These days, everything’s blimmin’ political innit? You can’t eat a bowl of cereal without it turning into a protest about EU farming subsidies or accidentally coughing up a thinkpiece on the economic ramifications of the migrant crisis, and you certainly can’t come to this exhibition without being thwacked over the head with a big old political cricket bat.

This is the last show at David Roberts Art Foundation – a Camden institution that has spent years pushing, nurturing and celebrating contemporary art – and they’re trying to go out with a wallop.

But the art whacked together here isn’t political in a blatant way. Nothing says ‘vote’ or ‘racism is bad‘; this is art about how tiny acts of everyday living can be political, how everything we do is tied into some kind of system of power.

The show kicks off with a room of frog-filled neon strip lights by Dora Budor, flickering and threatening to drop their amphibian loads on you as you walk under them. On the walls, black and white photos by the surrealist Pierre Molinier find him nude and prostrated in stockings. The whole room feels seedy, sensual and private.

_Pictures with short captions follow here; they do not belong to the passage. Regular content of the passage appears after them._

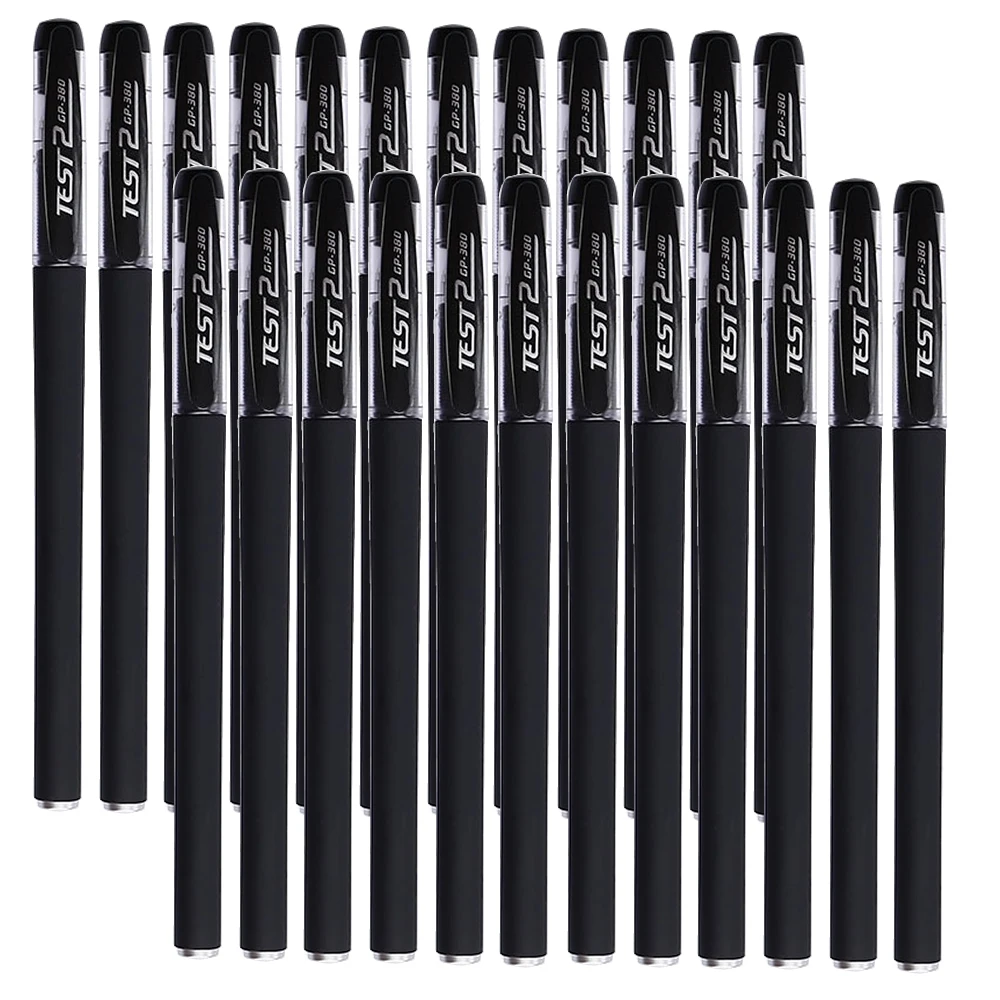 0.5mm Frosted Bullet Tip Black Ink Gel Pens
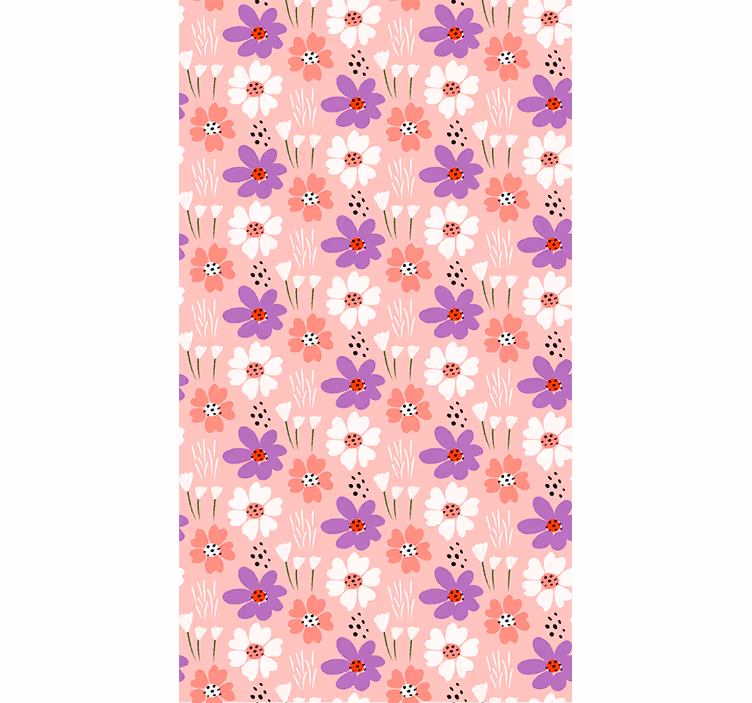Flower Pattern Delight floral roller blind - TenStickers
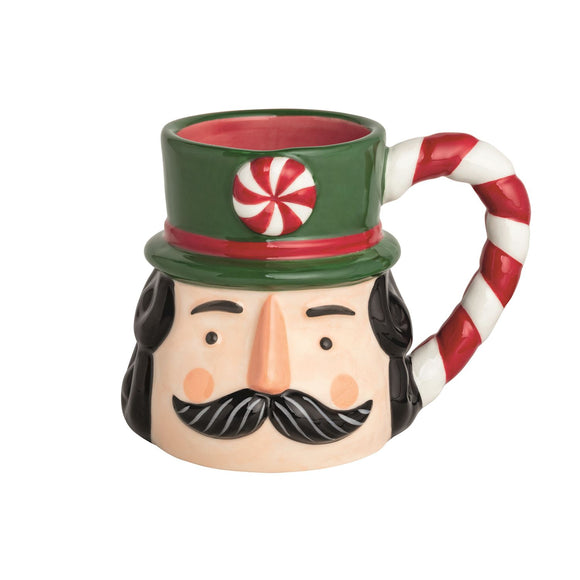 CANDY CANE NUTCRACKER HANDLE MUG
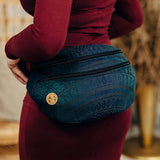 Peacock's Tail Quantum Large Waist Bag by LennyLamb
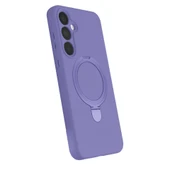 Samsung Galaxy A35 5g Regal Magsafe Standlı Kapak - Lila thumbnail 2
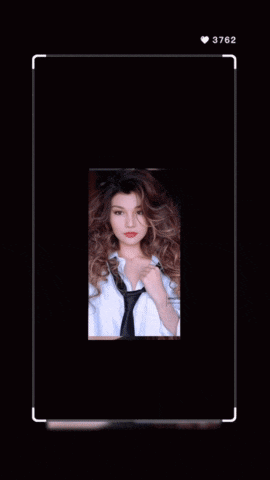 a phone screen shows a woman with curly hair and the number 3762 at the bottom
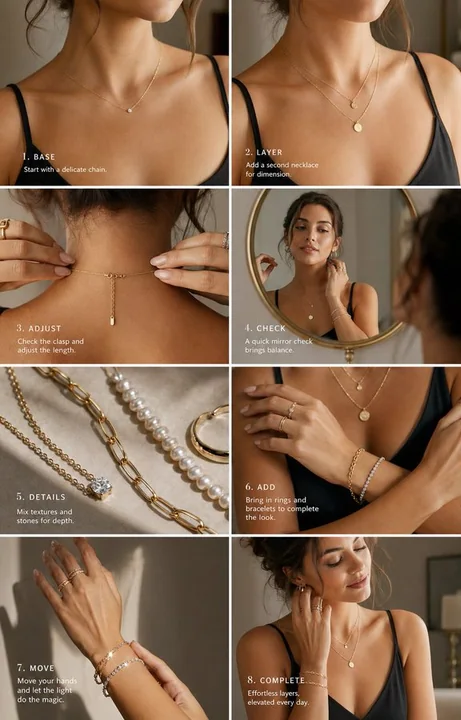 Advanced Jewelry Layering Visual Guide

There’s more nudity: naked figures splay across the walls in the next room, a man lays vulnerably akimbo in a brilliant Celia Hempton painting, a defiantly sassy woman strikes a pose in a Julian Opie light box (very possibly the only Opie work I’ve ever liked). There are implications of nudity too: discarded fur coats in Zoe Williams’s bright pink neon installation, beads of condensation on Prem Sahib’s black sheet of aluminium.

It doesn’t stop at the body though. The brilliant Theaster Gates drips thick tar down a canvas, Danh Vo frames an electric chair, Megan Rooney rips apart discarded mattresses.

Not everything here is good, but by throwing all of this art together, the show tries to say that just existing is political. Breathing, sweating, shagging, living; none of it’s done in a bubble. Maybe even reading this is political, in its own way. Welcome to the revolution, comrade.